As reported by bne IntelliNews, inflation predictably accelerated towards the CBR target in autumn. The regulator maintained the key interest rate unchanged at 4.25% in October, since when price growth has hit its target of 4%.

Consumer prices added 0.7% month on month in November, compared with 0.4% m/m growth the month before.

"The acceleration was driven by an increase in prices on both food (up 5.8% y/y in November versus 4.8% growth in October) and non-food items (up 4.5% y/y versus 4.2%)," Sberbank CIB commented on December 7.

Services inflation slowed to 2.5% y/y from 2.6%. Core inflation (which excludes fruits and vegetables, gasoline and regulated prices) rose to 0.5% m/m, up from 0.46% in October, causing the y/y figure to climb to 3.9% from 3.6%.

Sberbank CIB argues that the higher price growth was mostly the result of a weak ruble (losing 11% against the dollar in 3Q20) and unfavourable weather conditions (agricultural output was down 6.6% y/y in October versus a 1.4% growth in September).

As the effect from these factors will likely be temporary (the ruble gained 4% against the dollar in November), inflationary pressure will likely ease in the following month, the bank believes, expecting inflation to end this year close to 4.5% and slow to 3.0-3.5% by the end of 2021.

"In its most recent communications, the CBR’s management said that it still sees room for additional monetary easing.
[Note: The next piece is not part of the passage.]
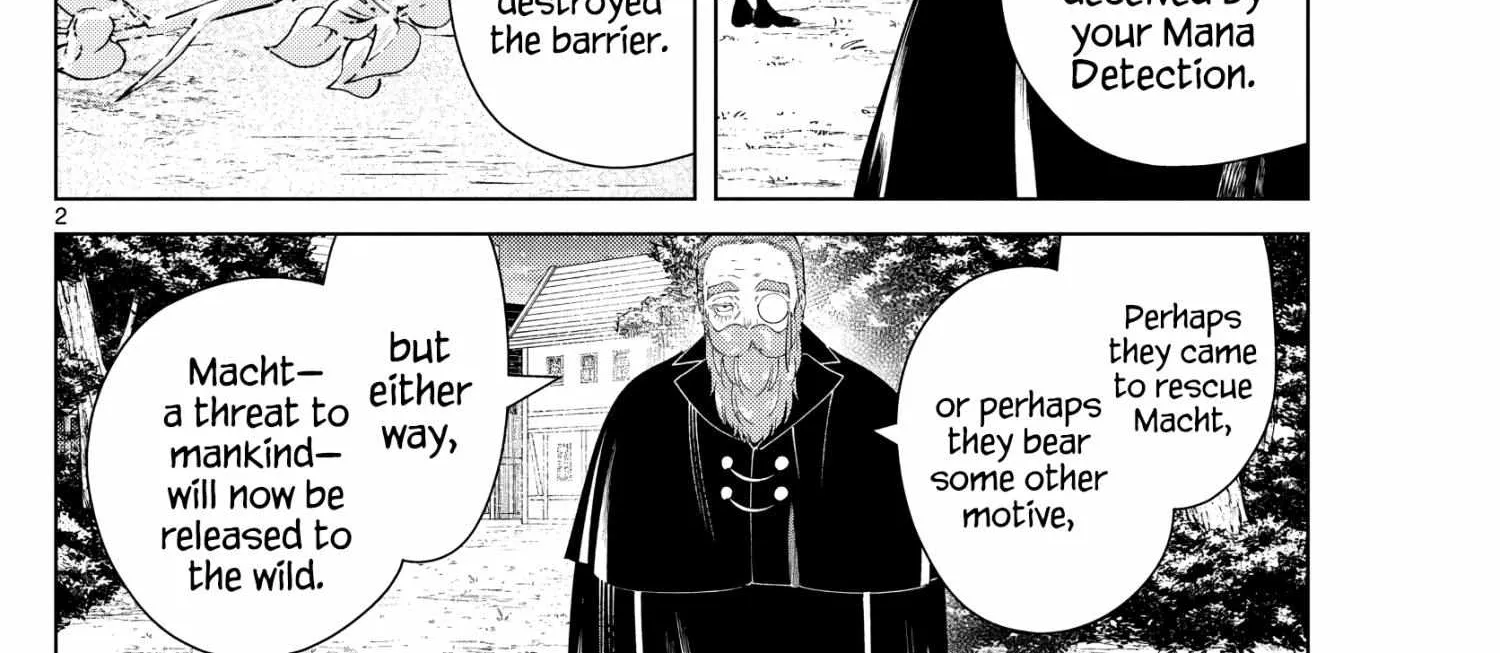 Sousou no Frieren Chapter 95 page 4 -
This signal had not changed since July when the CBR cut its key rate last time," BCS Global Markets commented on December 7.

"However, the CBR does recognize that – given the recent acceleration in CPI growth – their ability to cut rates is clearly capped on a S-T horizon," the analysts note.

Provided that, as BCS GM expects, inflation trend starts to reverse from March 2021 onwards, the CBR could have a bit more room for monetary easing. "We would not be surprised to see another 25bp rate cut sometime in mid-2021," the analysts wrote.

At the same time, if the recovery in global and Russian economies gains pace next year, chances are that a rise in economic activity could boost demand and lead to an increase in pressures on prices.

Under this scenario, the CBR might choose to keep its rate policy unchanged. For this year, with one CBR policy meeting remaining in December, BCS GM forecasts that the CBR’s key rate will remain flat at 4.25% up until 2021.